Hepatitis C is one of the hepatotrophic viruses, which predominantly causes a chronic hepatitis.
Common worldwide. Carrier rate of 0.2% in northern Europe.
Five per cent carrier rate in Far East; 1–2% in Mediter-ranean.
ssRNA virus of the flavivirus group. It was discovered in 1988 as being the most common cause of non-A, non-B hepatitis, particularly in blood transfusion recipients. The main route of HCV transmission is parenteral, most patients will give a history of either intravenous drug abuse or a blood/blood product transfusion prior to testing. There is some evidence of sexual transmission, which may be facilitated by coinfection with HIV. Vertical transmission may occur especially if the mother is HIV positive or has a high viral load.
Less than 10% of patients have an acute flulike illness with jaundice, the remainder are asymptomatic at the time of infection. Very rarely hepatitis C can cause fulminant hepatic failure. Following infection most patients develop chronic hepatitis C, which predisposes to cirrhosis and hepatocellular carcinoma. Chronic hepatitis C is often asymptomatic but may cause fatigue, myalgia, nausea, anorexia and right upper quadrant pain. Symptoms and signs of chronic liver disease occur years after initial infection.
Lymphocytic infiltration within the vascular sinusoids. Fatty change is seen in the hepatocytes, with little active hepatocellular necrosis.
Chronic active hepatitis may be associated with autoimmune hepatitis, Sjogren’s syndrome, lichen planus, thyroiditis, membranous glomerulonephritis, polyarteritis nodosa and mixed essential cryoglobulinemia.
Seroconversion occurs several months after infection, but anti-HCV is found in chronic sufferers of hepatitis, carriers (using ELISA) and those who have recovered from infection.
Acute infection is diagnosed by the presence of HCV RNA in the serum, using PCR. A positive PCR indicates current viraemia whereas a negative test with positive anti-HCV antibodies suggests non-viraemic infection, transient absence of viraemia or recovered infection. Quantification of the viral load may be of use in tailoring treatment.
Liver biopsy is used for assessing liver inflammation, potential progression of fibrosis and the presence or absence of cirrhosis.
Counselling regarding transmission is essential.
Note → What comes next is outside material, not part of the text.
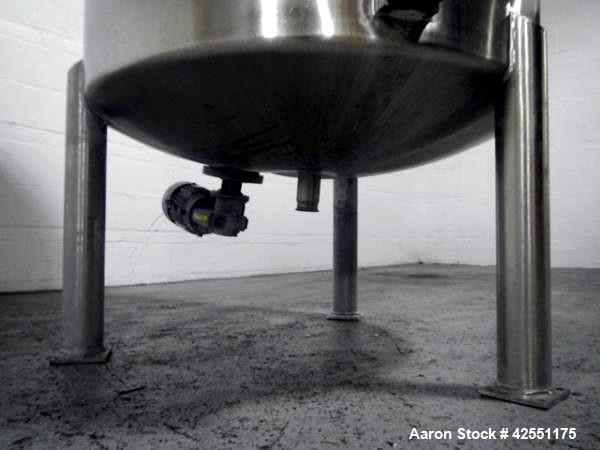 Used 1000 Liter Stainless Steel Lee tank, Model 1000LDBT
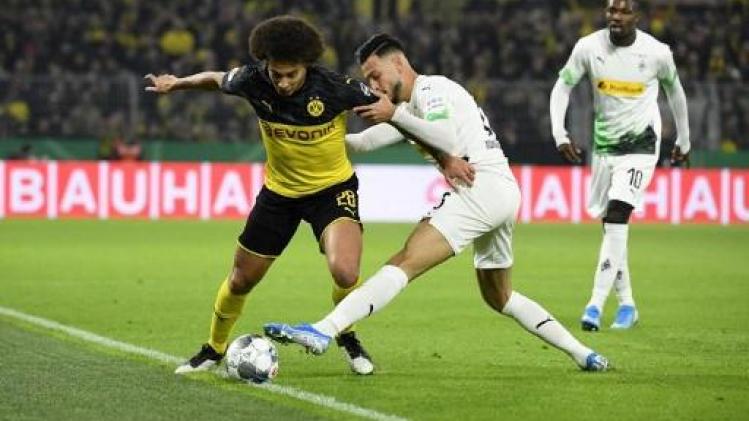 Belgen in het buitenland - Thorgan Hazard geeft assist voor winning goal van Dortmund in bekerduel tegen Gladbach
In acute infection supportive treatment may be necessary. Combination therapy with pegylated interferon α and ribavirin is recommended for the treatment of people aged 18 years and over with moderate to severe chronic hepatitis C (histological evidence of significant scarring and/or significant necrotic inflammation). If ribavirin is contraindicated or not tolerated, pegylated interferon αmonotherapy should be used. Patients with severe cirrhosis may require liver transplantation. There is no available vaccine.